If someone wants to pay for it then at that point they could ask participants if they want to remain part of the group and give the new sponsor access to their PII.
I think the "new sponsor" has to be a member of the group, and will thus have access to your PII (ie. whatever name / nick you registered with) anyway.
> including subscriber's list with full name and email

That is the issue here. Someone taking over and creating events that others get notified about, okay. But the first paying person coming along gets all that personal data? That is not acceptable in any way and probably against GDPR and whatever that California thing is called.

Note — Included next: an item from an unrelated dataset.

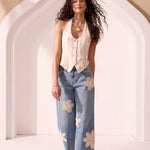 Tribal Audrey Crochet Applique Wide Leg Crop Jeans | Keyswaters - Juli's Wearable Art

I'm very doubtful that part's true. If you have your full name on your profile then sure, the new organizer will have access to it (as they did when they weren't the organizer). Meetup wants you to message people through their app, so I very much doubt they give away a bunch of email addresses willingly. I think perhaps what's meant is that the new organizer gets the ability to send group messages, which get emailed to people.

Edit / possible U-turn: There's a post from Symbiote below that suggests maybe they do let organizers pay to get more data.

That sounds more reasonable.
> Edit / possible U-turn: There's a post from Symbiote below that suggests maybe they do let organizers pay to get more data.

But still not email or full name, just stuff like attendance record.

> I do see a box "Get to know your members — With the Pro registration form, you can get key attendee details like email address and job title"

Is what I was referring to. Not exactly clear what it means, but it starts to sound potentially sketchier than I initially thought.

What is the platform where these events have moved? Please tell me it's not just Facebook.
Eventbrite is a common one I've seen.
What’s wrong with Facebook? It probably works better for lots of groups - at least you don’t have to pay Facebook £80, and they won’t sell your group to someone else if you don’t pay.
(comment deleted)
I have a Facebook account, and I use it for attending events.

I often am not notified about new events, because they are not "boosted" with a payment.

When there are updates on the event page, I do not see them.

When someone sends me a message, I'm not always notified about it in the interface, even if it is not sent to the "Other Messages" alternative inbox.

Once the event is done, it's difficult to find its page again to look for photos from the event or have a follow-up discussion. And even if I find it myself, other people aren't notified about my posts.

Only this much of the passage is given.